Mg²⁺-Malate Co-Transport, a Mechanism for Na⁺-Independent Mg²⁺ Transport in Neurons of the Leech Hirudo medicinalis

¹Institut für Neurobiologie, Heinrich-Heine-Universität Düsseldorf, Düsseldorf; and ²Institut für Klinische Physiologie, Charité, Berlin, Germany

Submitted 30 November 2004; accepted in final form 18 March 2005

Mg²⁺-extrusion from Mg²⁺-loaded neurons of the leech, Hirudo medicinalis, is mediated mainly by Na⁺/Mg²⁺ antiport. However, in a number of leech neurons, Mg²⁺ is extruded in the nominal absence of extracellular Na⁺, indicating the existence of an additional, Na⁺-independent Mg²⁺ transport mechanism. This mechanism was investigated using electrophysiological and microfluorimetrical techniques.

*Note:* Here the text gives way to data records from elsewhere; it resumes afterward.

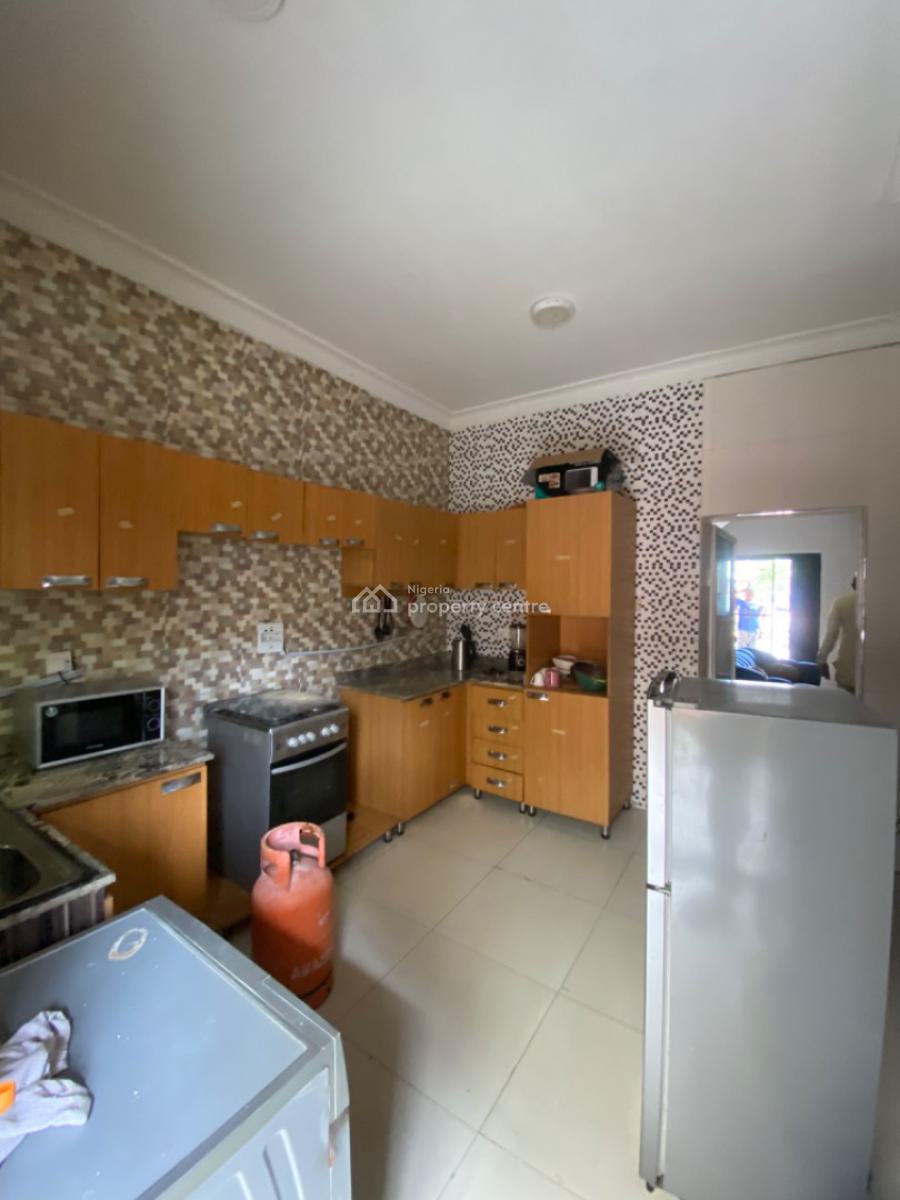 an Executive Three Bedroom Furnished Duplex, Lekki Gardens Estate Lagos Business School Lekki Phase 2, Lekki, Lagos, Terraced Duplex for Rent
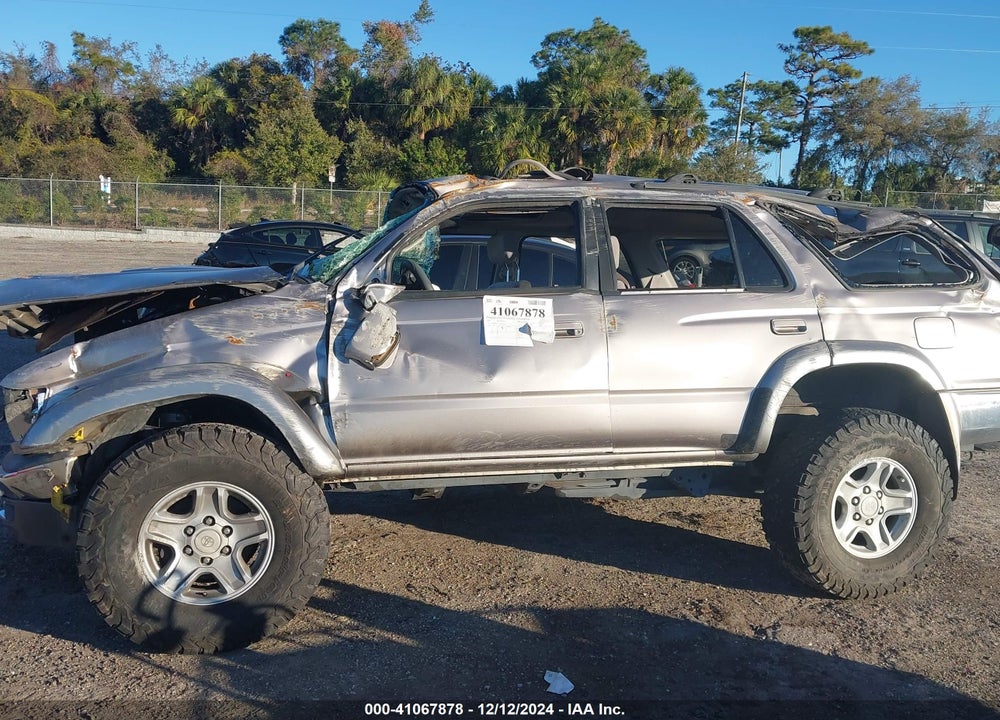 2001 TOYOTA 4RUNNER SR5 V6 VIN: JT3GN86R710200724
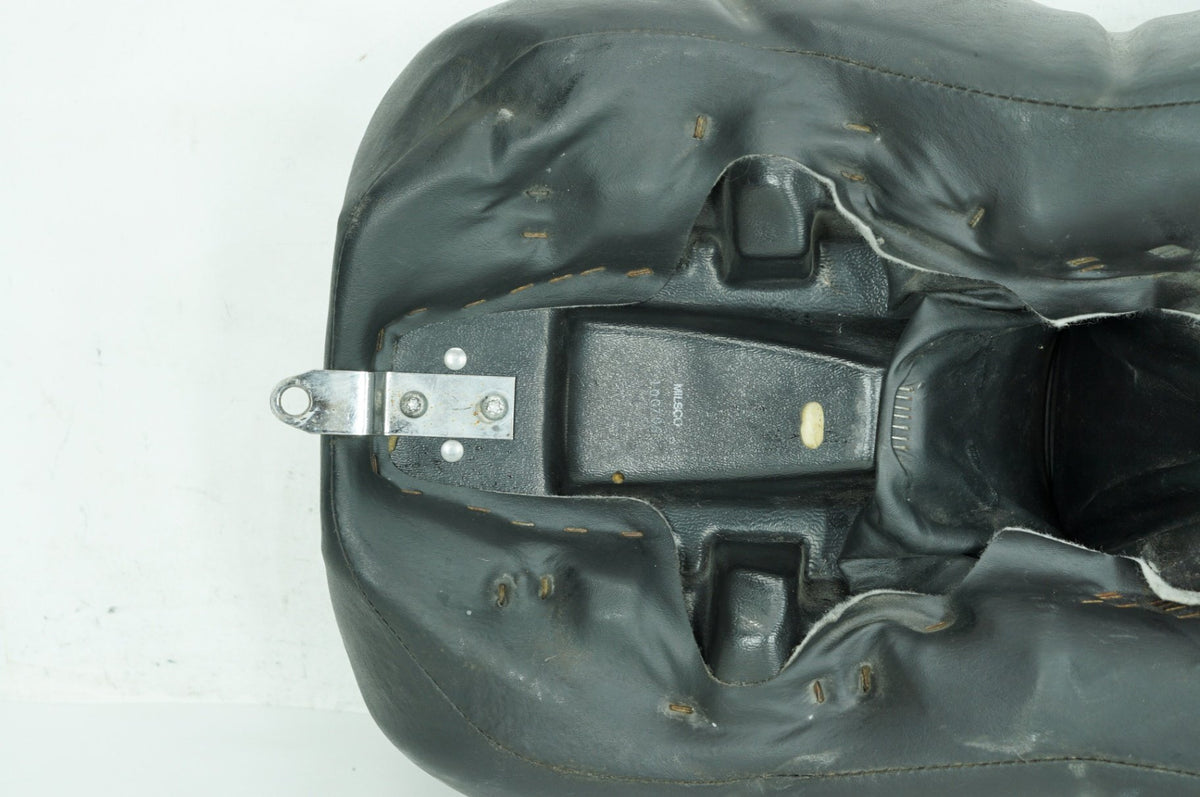 2000 Harley Touring FLHRCI Road King OEM Passenger Rider Driver Seat Saddle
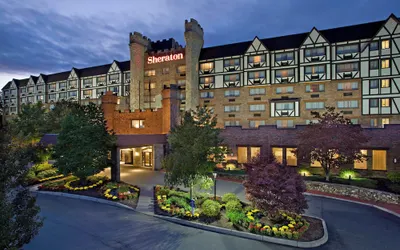 Sheraton Framingham Hotel & Conference Center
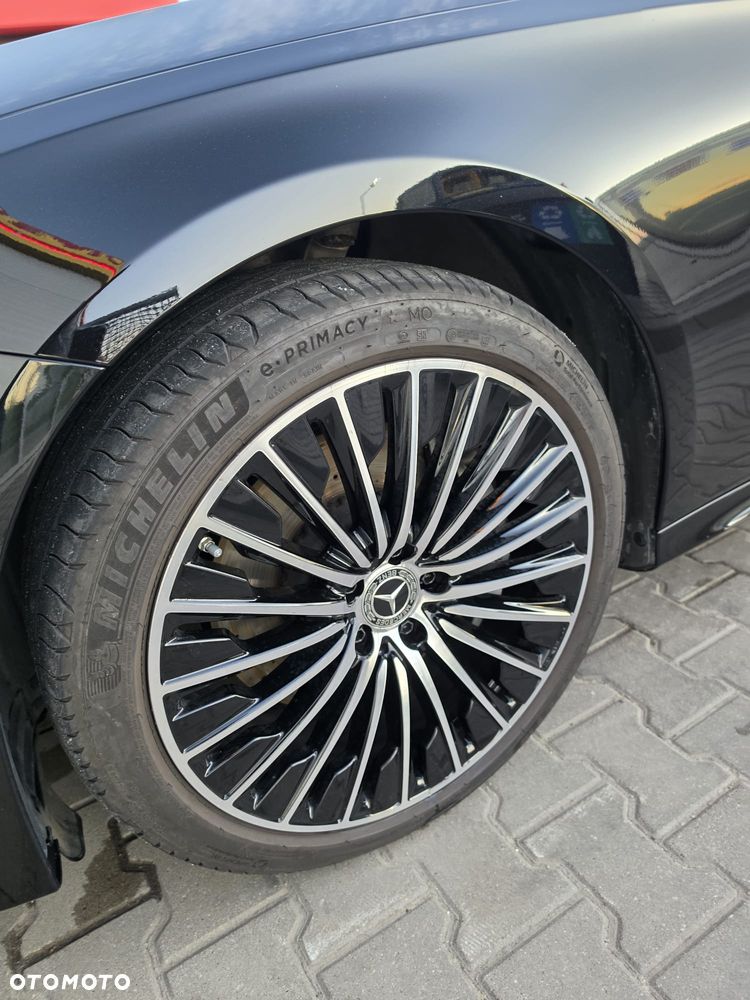 Mercedes-Benz Klasa E 220 d mHEV 4-Matic AMG 9G-Tronic - 8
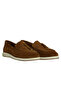 Taba Suede Women Buckled Loafers - 2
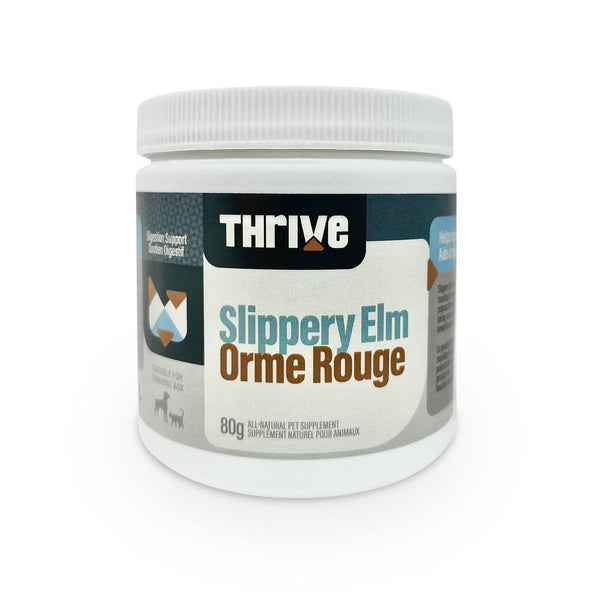 Thrive Slippery Elm Powder Dog & Cat Supplement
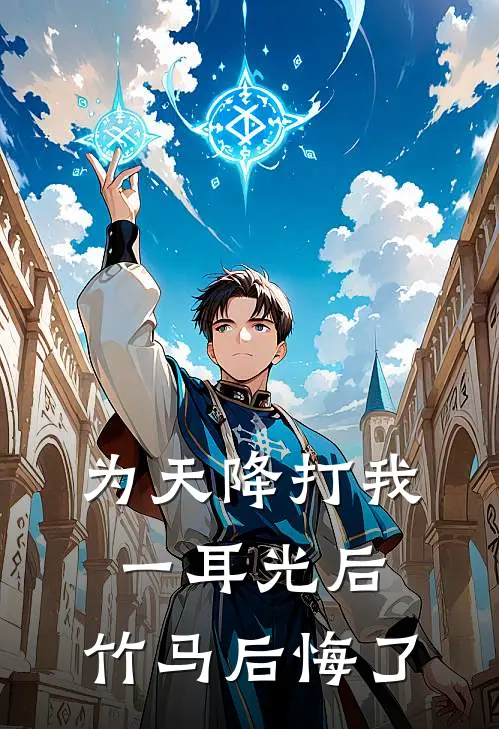 为天降打我一耳光后，竹马后悔了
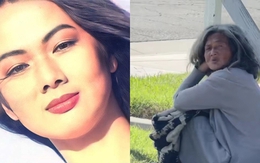 Nữ ca sĩ hóa điên đang đi bỗng la hét: "Giờ mày muốn sao?"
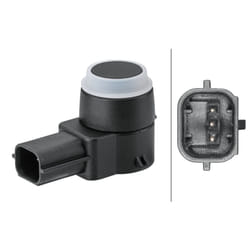 Radar de recul HELLA 6PX358 141-851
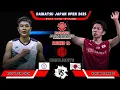 Download Lagu Amazing PLAY! CHOU Tien Chen (TPE) vs Koki WATANABE (渡邉 航貴) | Japan Open 2025 Badminton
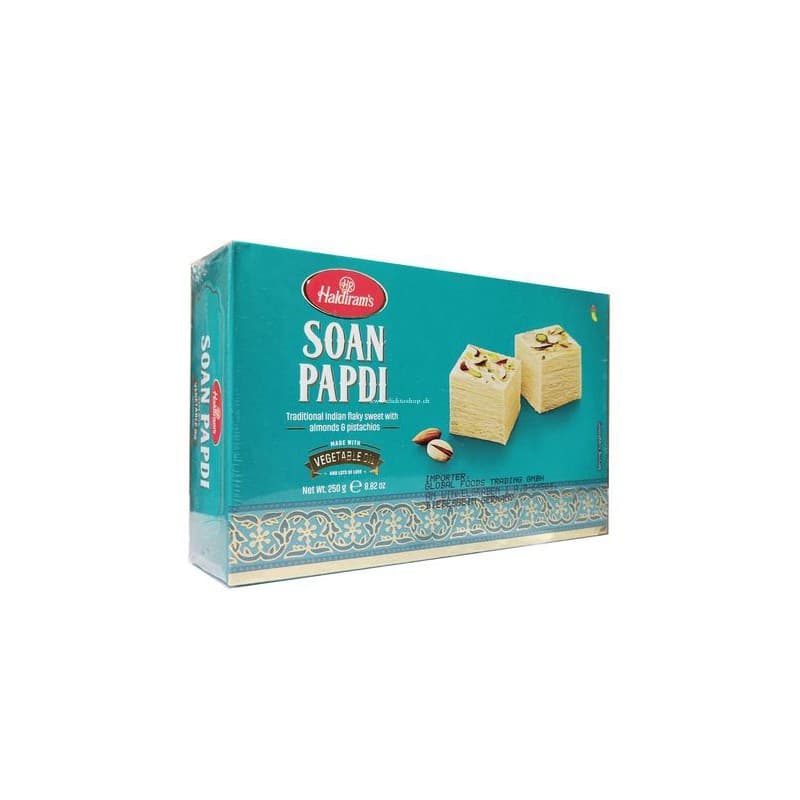 Haldiram's Soan Papdi, 250g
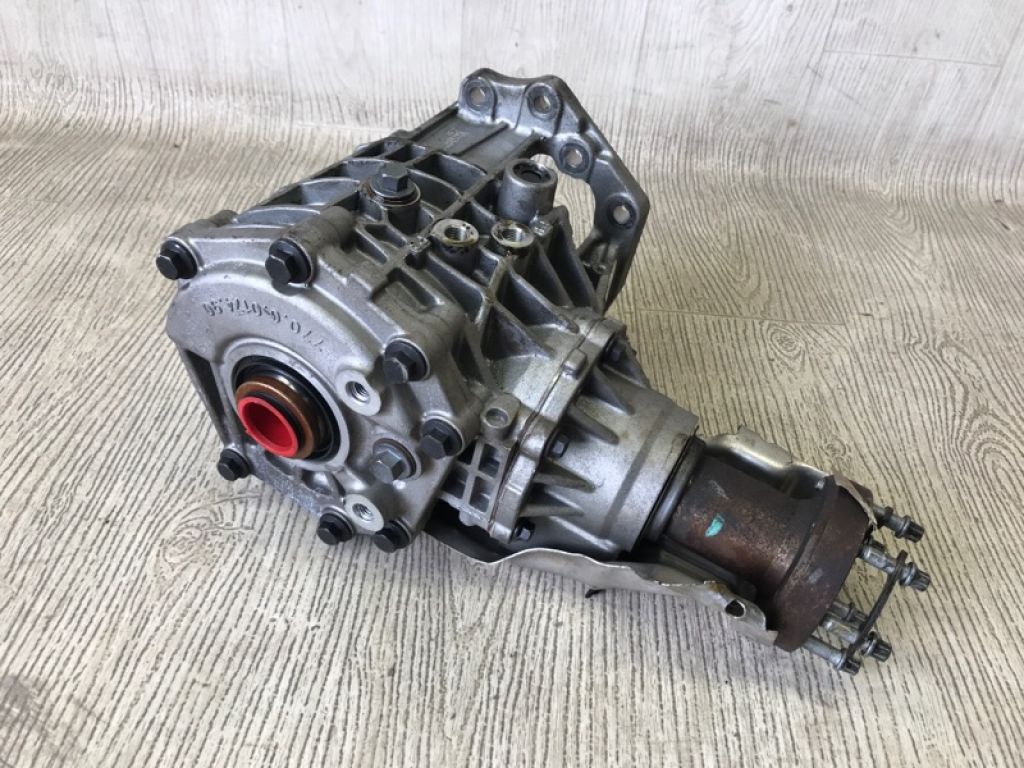 LR051075 | Роздавальна коробка LAND ROVER EVOQUE 2012-2018 - Фото 6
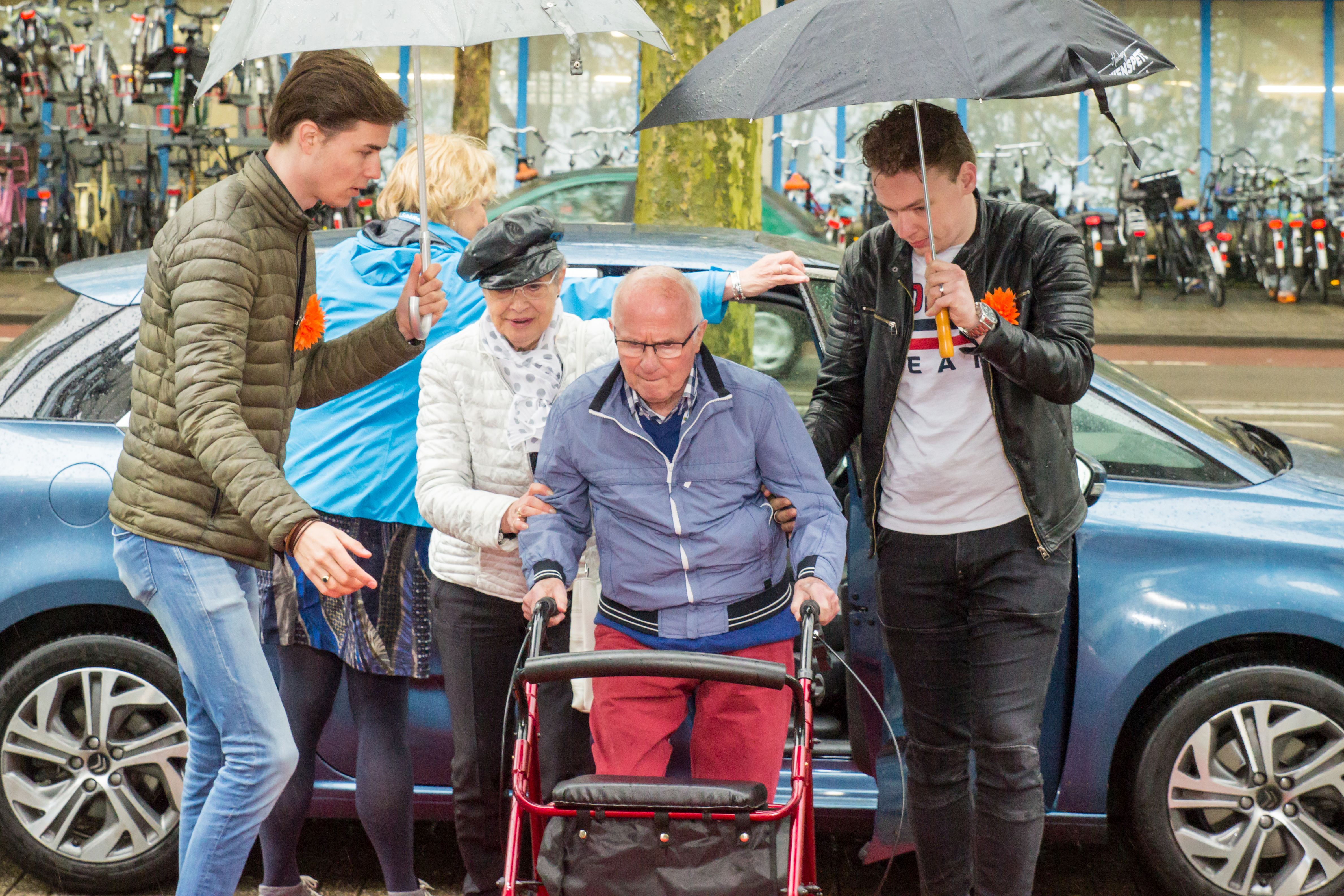 Stichting Vier het Leven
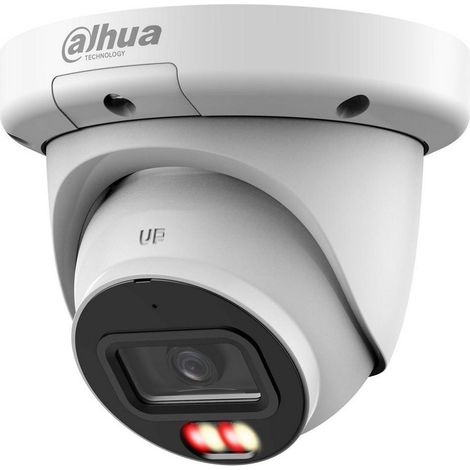 Dahua Technology Außenkamera IP67 Weiß 1920x1080
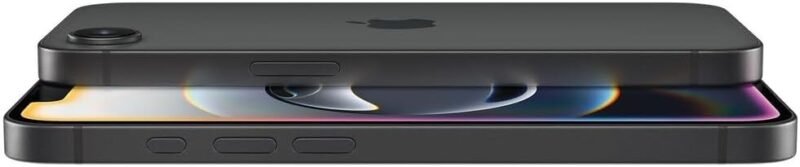 Apple iPhone 16e, 128GB, eSIM, Black - Unlocked (Renewed) : Toys & Games - Image 9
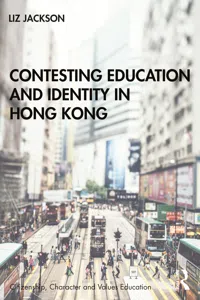 Contesting Education and Identity in Hong Kong_cover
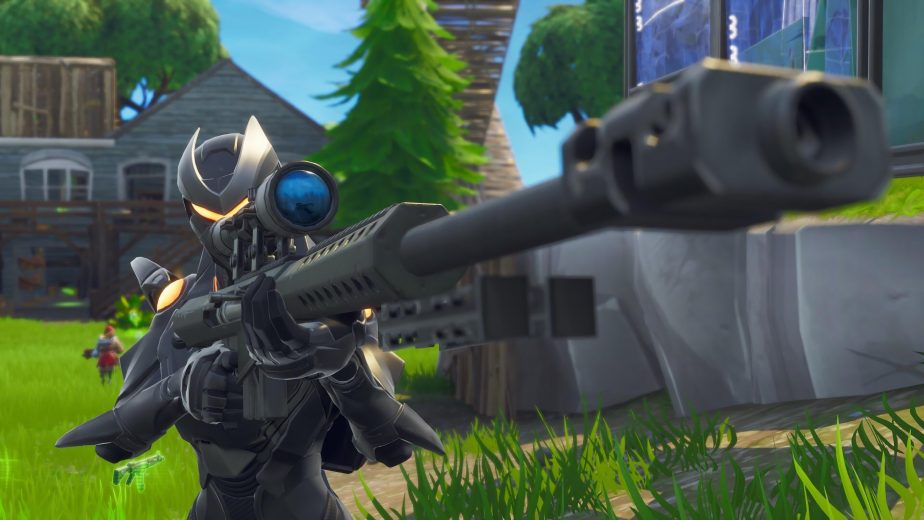 Fortnite's In-Game Tournaments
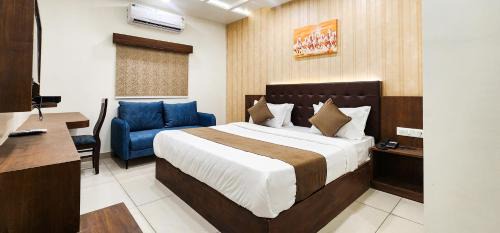Kotda Sangani Hotel | Hotel Nova Shapar
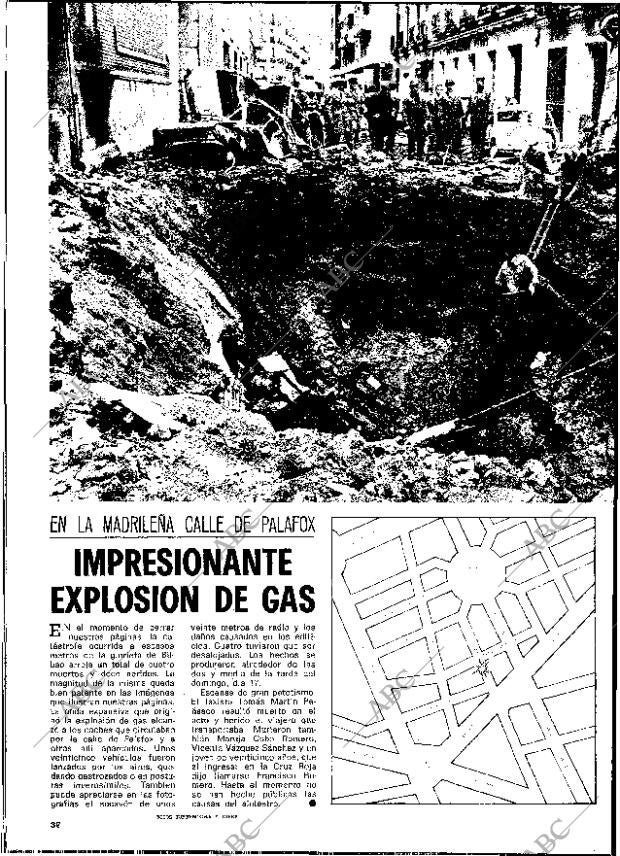 BLANCO Y NEGRO MADRID 23-11-1974 página 36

The rate of Na⁺-independent Mg²⁺ extrusion from Mg²⁺-loaded leech neurons was found to be independent of extracellular Ca²⁺, K⁺, NO₃^–, HCO₃^–, SO₄^2–, HPO₄^2–, and of intra- and extracellular pH. Na⁺-independent Mg²⁺ extrusion was not inhibited by 4,4'-diisothiocyanatostilbene-2,2'-disulfonic acid (DIDS), furosemide, ouabain, vanadate, iodoacetate, 4-amino-hippurate, or -cyano-4-hydroxycinnamate and was not influenced by changes in the membrane potential in voltage-clamp experiments. Na⁺-independent Mg²⁺ extrusion was, however, inhibited by the application of 2 mM probenecid, a blocker of organic anion transporters, suggesting that Mg²⁺ might be co-transported with organic anions. Extracellularly, of all organic anions tested (malate, citrate, lactate, -ketoglutarate, and 4-amino-hippurate) only high, but physiological, concentrations of malate (30 mM) had a significant inhibitory effect on Na⁺-independent Mg²⁺ extrusion. Intracellularly, iontophoretically injected malate, citrate, or fura-2, but not Cl^–, -ketoglutarate, glutamate, succinate, or urate, were stimulating Na⁺-independent Mg²⁺ extrusion from those neurons that initially did not extrude Mg²⁺ in Na⁺-free solutions. Our data indicate that Mg²⁺ is co-transported with organic anions, preferably with malate, the predominant extracellular anion in the leech. The proposed model implies that, under experimental conditions, malate drives Mg²⁺ extrusion, whereas under physiological conditions, malate is actively taken up, driven by Mg²⁺, so that malate can be metabolized.